First, part of the benefit of peer review is that two people have seen the code and have familiarity. Even if it's rubber stamping, if someone has actually looked at it, LGTM might be enough.
Second, even if PR only catches something 10% of the time, it catches the most obvious bugs.
When I was an - intern 30 years ago - the senior developer working with me had to decide if my code was worth a "formal review" or if just putting it in code review was enough. We went to code review, but as part of this I did hear about a process where code reviews are useful that apparently the company did use for important/difficult code.
In a formal review you print off the code, then put 5-10 other developers in a meeting room to look at it together (no computers in this room, though sometimes you would go back and print off some more code for context). You could do about 10 lines of code per hour this way, and the developers burned our after at most 2 hours per day, so this takes a very long time. However reports were this resulted in the most useful reviews/fixes to the code.
I've never seen the above done in practice, just heard about it. Someday I'd like to see it, but I doubt I ever will.
That sounds like a Fagan review. I haven't been involved with one either, but I think some of the forces that drove people to do them have been weakened.
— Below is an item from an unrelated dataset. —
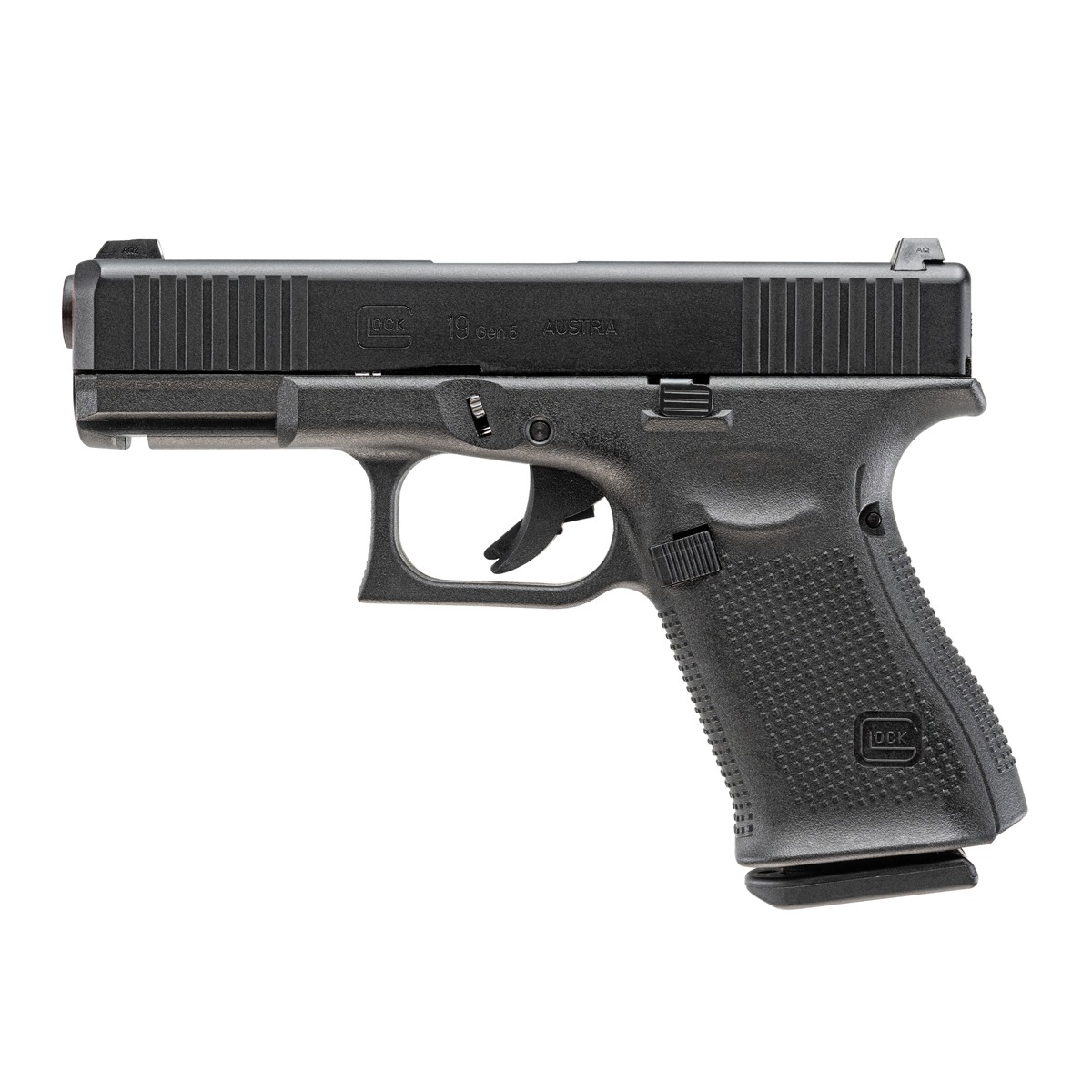 Air Pistol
When you are shipping code that you won't be able to update easily (i.e. cheaply), you try to remove as many defects as early in the process as possible. CI/CD and web delivery seem like they would blunt the motivation to go through a Fagan review for most software developed these days.
I would imagine that some form of this still happens in safety-critical systems (or more likely the state of the art has advanced from this).
Every now and then I can provide good feedback when I pull down the branch in question, test it locally, and try to think of a way to break it. Rarely do I have that kind of time.
A code review is not about testing the functionality or finding bugs. It is about sanity checking the design (although in a welk performing team the design should never come as a surprise), complexity, readability, and test coverage.
You can think of code reviews as an opportunity for knowledge transfer.
... and it has the added benefit that the person it's directed to will actually read your feedback since it would be directly related to work they're doing.
I'm sure they exist in the working world, but 5 years in across 4 different companies I've yet to encounter it (beyond what I've tried to provide to others in my code reviews on their PRs).